3. Janganlah jemu-jemu berbuat baik Galatia 6:9:”Janganlah kita
jemu-jemu berbuat baik, karena apabila sudah datang waktunya, kita akan menuai,
jika kita tidak menjadi lemah.” Ada seorang wanita muda datang kepada hamba
Tuhan dan ia berkata demikian:”Suami saya tidak pernah memuji saya, yang
dilakukannya hanya mengkritik. Tidak peduli apapun yang saya lakukan, segiat
apapun saya bekerja, saya selalu dikritik untuk melakukannya lebih baik lagi !”

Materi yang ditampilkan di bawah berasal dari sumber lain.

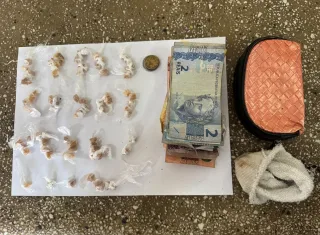 Polícia Militar prende casal por tráfico de drogas, resistência e desacato em Teixeira de Freitas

Pendeta berkata demikian:” Ibu harus belajar memujinya. Ibu: Memujinya ? Oh
saya tidak pernah memikirkan hal itu, saya mengharapkan pujian dari dia,
mengapa skrg saya harus memuii dia lebih dahulu ? Pendeta berkata:”Kalau ibu
ingin mengubah suami, ubahlah diri ibu terlebih dahulu.
Bentuk perbuatan baik :
Pada suatu kali ada seorang ibu menangis saat dia
membaca sepucuk surat. Ternyata ibu ini menerima surat dari anaknya yang
tinggal di Jakarta, bunyi surat itu seperti ini:
Hari ini adalah hari ulang tahun Ibu yang ke-60.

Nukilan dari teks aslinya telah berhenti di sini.